Hollow Knight: Silksong is tldr.games’ Game of the Year 2025. Virtually alongside Clair Obscur: Expedition 33, it stands as the year’s most remarkable achievement. Where Expedition 33 captivates through ambition, emotion and invention, Silksong reveals its brilliance through precision, trust and mastery, asking the player to engage deeply and improve over time. It is a game that rewards commitment, and one that continues to resonate long after playing.
I’ve wanted to get into an extraction shooter for ages, but nothing has landed in my sweet spot of complexity: they’re either exhausting in how convoluted they are, or so watered down they feel pointless. ARC Raiders finally hits the middle ground. Its world is genuinely absorbing, with visual and sound design that’s freakishly immersive, and a sandbox allowing for endless emergent moments that make it hard to put down. I’m too old for competitive shooters, but the balance, pacing, economy, and community (so far) here give this one a feel I can actually settle into - and it’s turning out to be something pretty special.
BALL x PIT sidesteps any potential roguelite fatigue by folding in new systems and surprising, satisfying fusions. Just when you think you’ve seen it all, it drops another major game-changer. Addictive, stylish and most importantly, super fun - very impressive.

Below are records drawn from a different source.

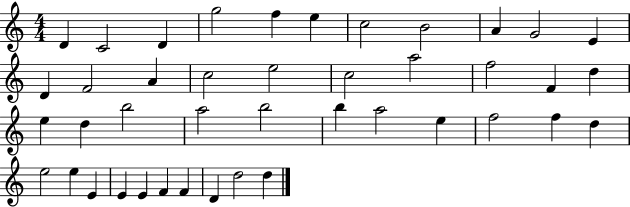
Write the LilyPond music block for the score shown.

{
  \clef treble
  \numericTimeSignature
  \time 4/4
  \key c \major
  d'4 c'2 d'4 | g''2 f''4 e''4 | c''2 b'2 | a'4 g'2 e'4 | \break d'4 f'2 a'4 | c''2 e''2 | c''2 a''2 | f''2 f'4 d''4 | \break e''4 d''4 b''2 | a''2 b''2 | b''4 a''2 e''4 | f''2 f''4 d''4 | \break e''2 e''4 e'4 | e'4 e'4 f'4 f'4 | d'4 d''2 d''4 | \bar "|."
}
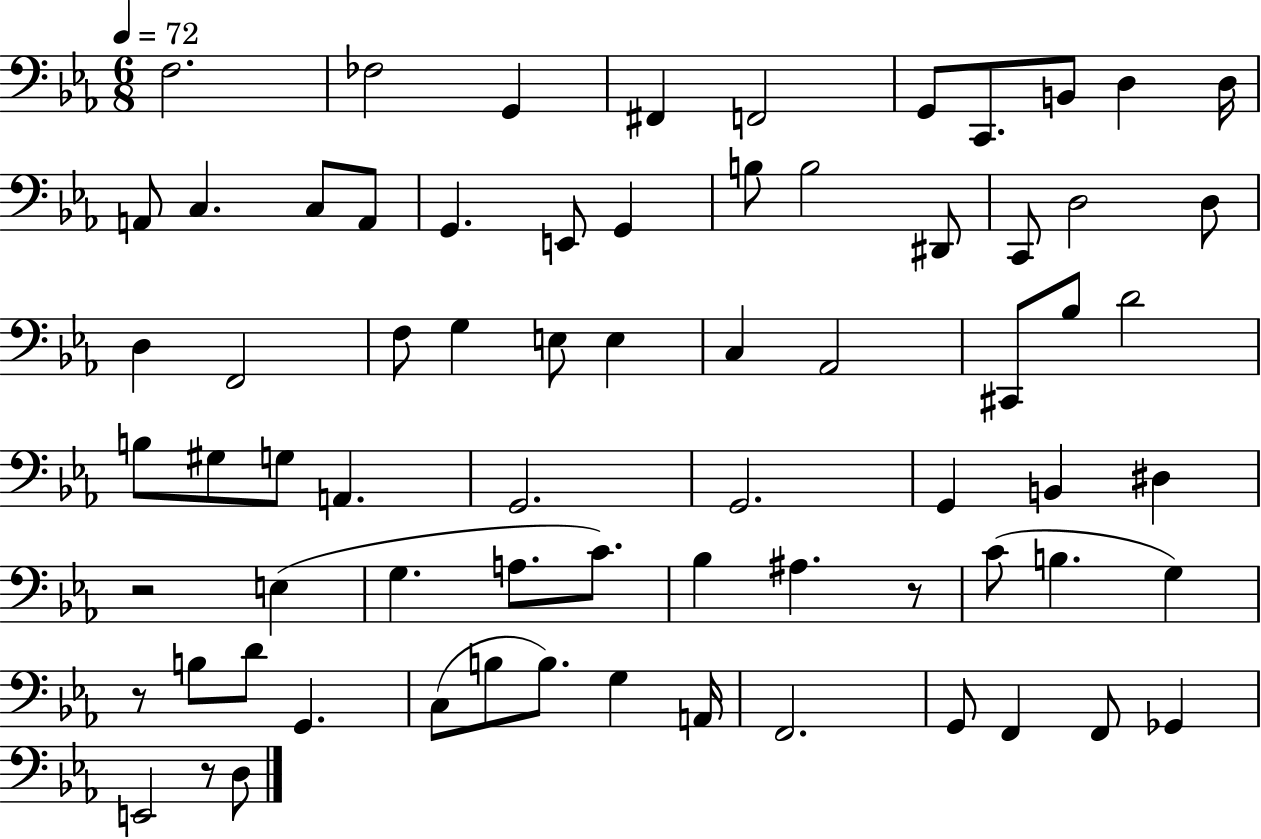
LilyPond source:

{
  \clef bass
  \numericTimeSignature
  \time 6/8
  \key ees \major
  \tempo 4 = 72
  \repeat volta 2 { f2. | fes2 g,4 | fis,4 f,2 | g,8 c,8. b,8 d4 d16 | \break a,8 c4. c8 a,8 | g,4. e,8 g,4 | b8 b2 dis,8 | c,8 d2 d8 | \break d4 f,2 | f8 g4 e8 e4 | c4 aes,2 | cis,8 bes8 d'2 | \break b8 gis8 g8 a,4. | g,2. | g,2. | g,4 b,4 dis4 | \break r2 e4( | g4. a8. c'8.) | bes4 ais4. r8 | c'8( b4. g4) | \break r8 b8 d'8 g,4. | c8( b8 b8.) g4 a,16 | f,2. | g,8 f,4 f,8 ges,4 | \break e,2 r8 d8 | } \bar "|."
}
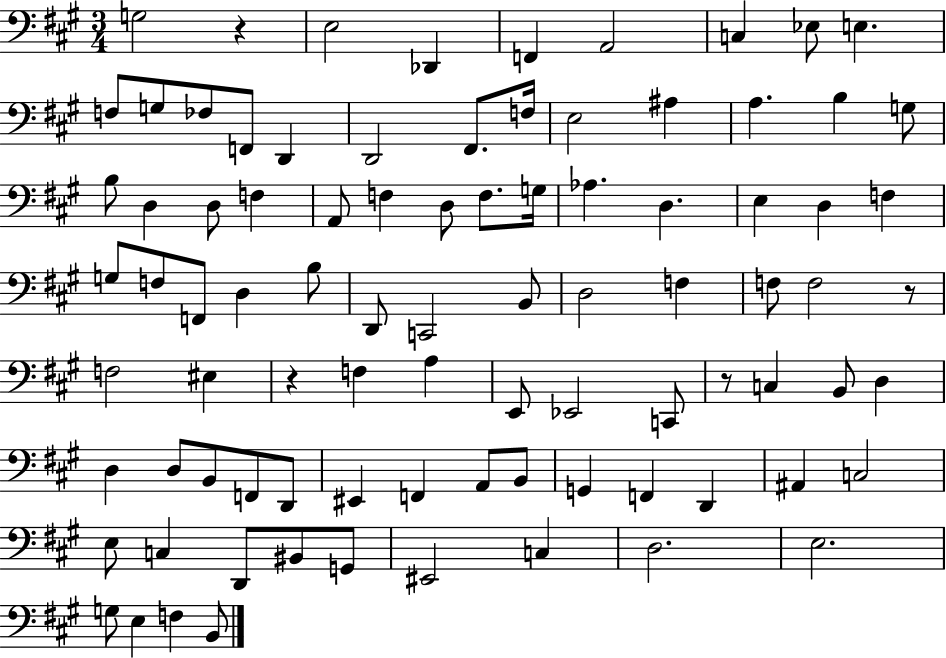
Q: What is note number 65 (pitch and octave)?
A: A2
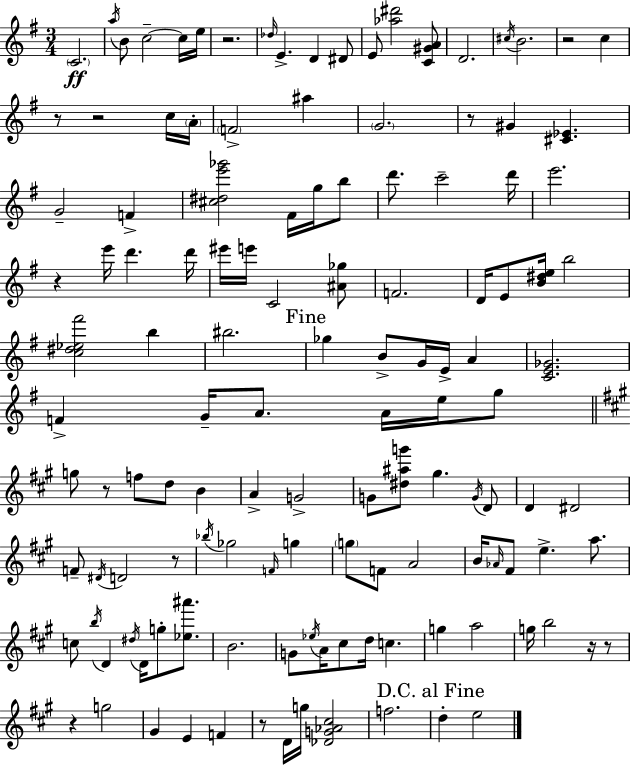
{
  \clef treble
  \numericTimeSignature
  \time 3/4
  \key g \major
  \parenthesize c'2.\ff | \acciaccatura { a''16 } b'8 c''2--~~ c''16 | e''16 r2. | \grace { des''16 } e'4.-> d'4 | \break dis'8 e'8 <aes'' dis'''>2 | <c' gis' a'>8 d'2. | \acciaccatura { cis''16 } b'2. | r2 c''4 | \break r8 r2 | c''16 \parenthesize a'16-. \parenthesize f'2-> ais''4 | \parenthesize g'2. | r8 gis'4 <cis' ees'>4. | \break g'2-- f'4-> | <cis'' dis'' e''' ges'''>2 fis'16 | g''16 b''8 d'''8. c'''2-- | d'''16 e'''2. | \break r4 e'''16 d'''4. | d'''16 eis'''16 e'''16 c'2 | <ais' ges''>8 f'2. | d'16 e'8 <b' dis'' e''>16 b''2 | \break <c'' dis'' ees'' fis'''>2 b''4 | bis''2. | \mark "Fine" ges''4 b'8-> g'16 e'16-> a'4 | <c' e' ges'>2. | \break f'4-> g'16-- a'8. a'16 | e''16 g''8 \bar "||" \break \key a \major g''8 r8 f''8 d''8 b'4 | a'4-> g'2-> | g'8 <dis'' ais'' g'''>8 gis''4. \acciaccatura { g'16 } d'8 | d'4 dis'2 | \break f'8-- \acciaccatura { dis'16 } d'2 | r8 \acciaccatura { bes''16 } ges''2 \grace { f'16 } | g''4 \parenthesize g''8 f'8 a'2 | b'16 \grace { aes'16 } fis'8 e''4.-> | \break a''8. c''8 \acciaccatura { b''16 } d'4 | \acciaccatura { dis''16 } d'16 g''8-. <ees'' ais'''>8. b'2. | g'8 \acciaccatura { ees''16 } a'16 cis''8 | d''16 c''4. g''4 | \break a''2 g''16 b''2 | r16 r8 r4 | g''2 gis'4 | e'4 f'4 r8 d'16 g''16 | \break <des' g' aes' cis''>2 f''2. | \mark "D.C. al Fine" d''4-. | e''2 \bar "|."
}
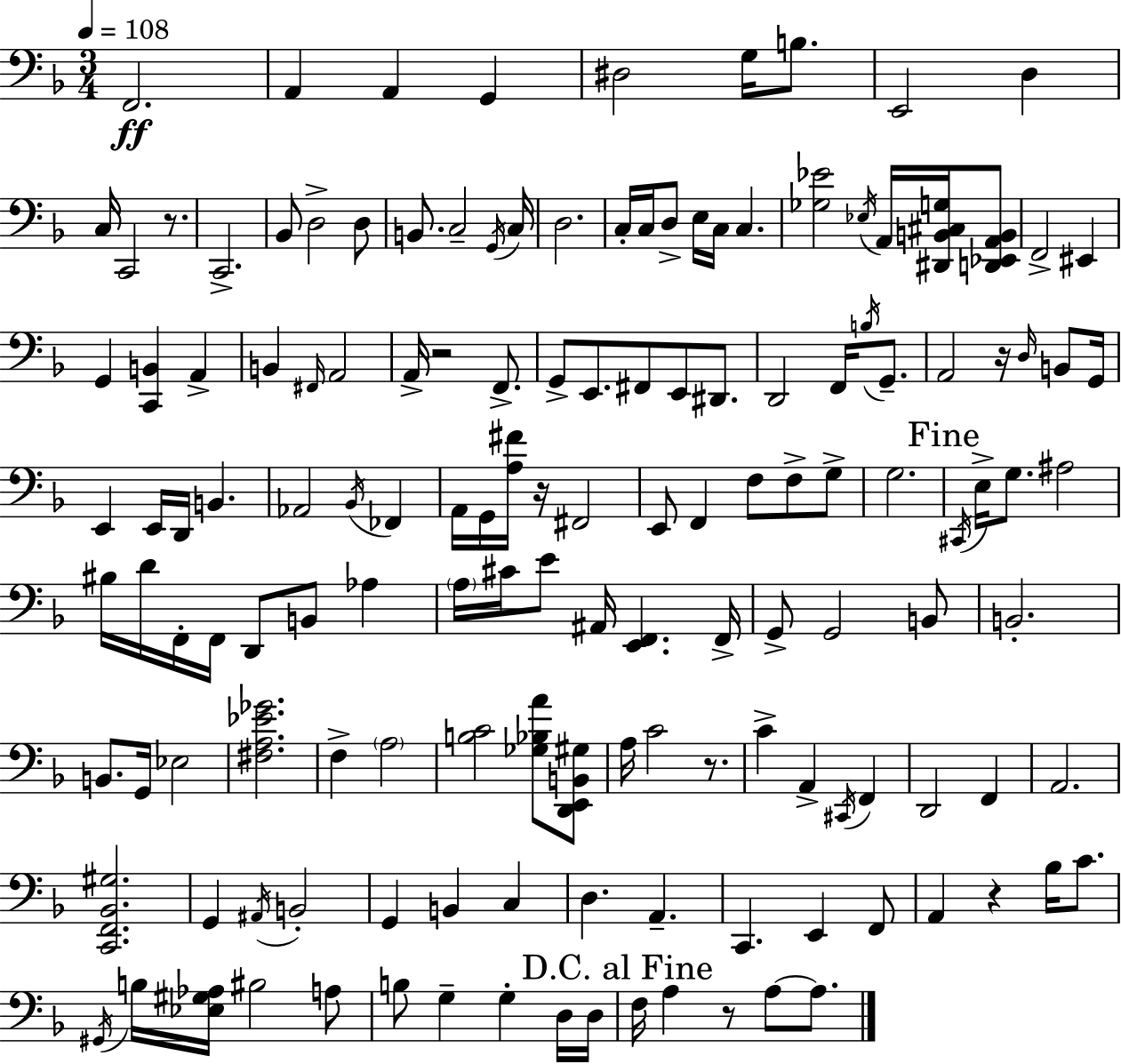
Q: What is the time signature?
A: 3/4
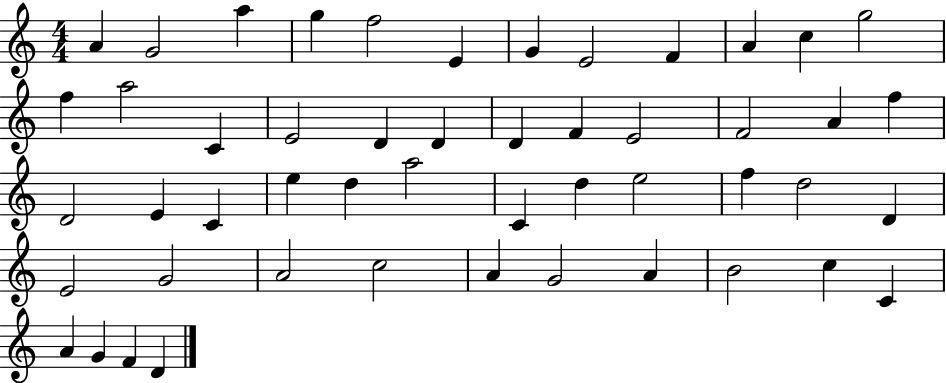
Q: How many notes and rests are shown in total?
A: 50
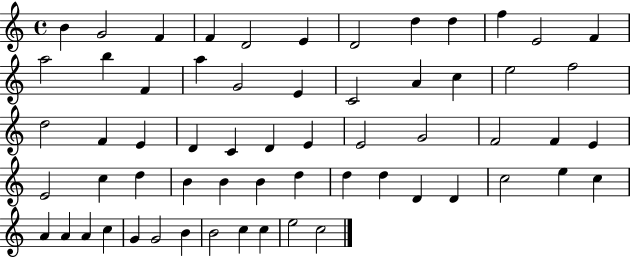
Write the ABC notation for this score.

X:1
T:Untitled
M:4/4
L:1/4
K:C
B G2 F F D2 E D2 d d f E2 F a2 b F a G2 E C2 A c e2 f2 d2 F E D C D E E2 G2 F2 F E E2 c d B B B d d d D D c2 e c A A A c G G2 B B2 c c e2 c2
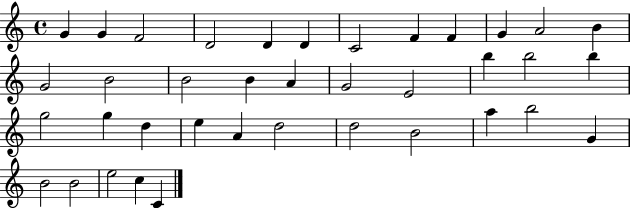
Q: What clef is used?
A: treble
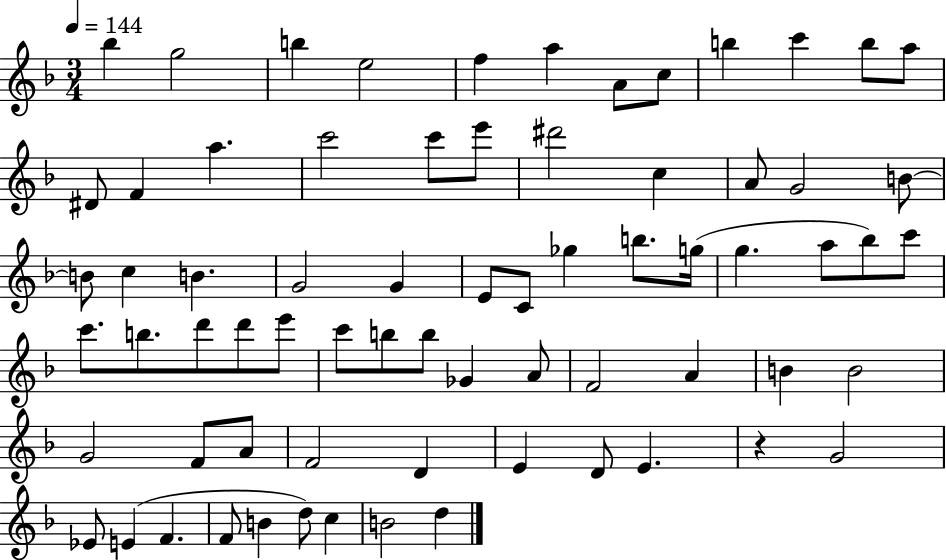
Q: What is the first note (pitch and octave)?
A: Bb5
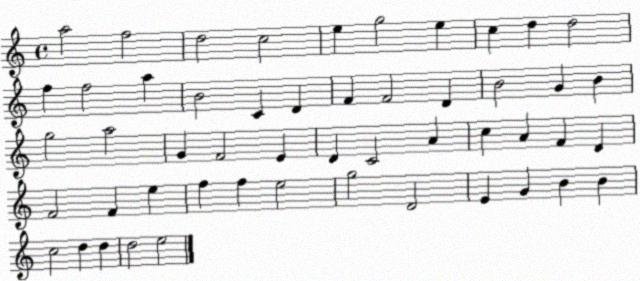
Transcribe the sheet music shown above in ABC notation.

X:1
T:Untitled
M:4/4
L:1/4
K:C
a2 f2 d2 c2 e g2 e c d d2 f f2 a B2 C D F F2 D B2 G B g2 a2 G F2 E D C2 A c A F D F2 F e f f e2 g2 D2 E G B B c2 d d d2 e2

Ghost of Yōtei is big, bloody, and beautiful - refining Tsushima’s formula rather than reinventing it. Exploration is richer, stealth more precise, the world obviously gorgeous. It’s polished and fun enough to keep me hooked through to the end - indeed, there’s a lot to love - but the familiar openworld rhythms are definitely feeling a little weary. It’s a strong execution, but tinged with a melancholy sense that the formula is wearing thin.
Equal parts zen hike and slapstick disaster. The Foddian leg-by-leg controls click into a weirdly soothing flow, then betray you in spectacular fashion. Big, silly, oddly tender - more Death Stranding for clowns than rage game. Not really for me, but I laughed, swore, kept walking.
skate leaves me torn, but mostly sad. The skating feels brilliant, every flick and flow just right, but it’s wrapped in such a soulless corporate gloss, unfathomably out-of-touch cringe writing, and a shop-first design. It’s tough, because there is fun to be found, but it’s buried under a product that replaces culture with monetisation.
Borderlands 4 is a blast when you lock into the core loop - snappy gunplay, meaningful loot, big playgrounds. But the bombastic, quippy aesthetic and tone now read like a bit of a relic. You almost have to meet it halfway - tune out the dated swagger, focus on the systems - then you can find the fun. In any case, if you’re looking for a shooter to turn your brain off in, there’s a lot to like.
Hell Is Us is haunting, pretty clever, and not what I expected. Combat is simple, sometimes clunky, but that’s not the point - it’s about mystery, puzzles, and piecing together scraps of story in a war-torn world. The no-map, no-hand-holding design is immersive, and rewards patience. At its best, it’s unsettling and atmospheric. At its worst, it’s repetitive and meandering. Not for everyone, but if you crave exploration over combat, give it a look.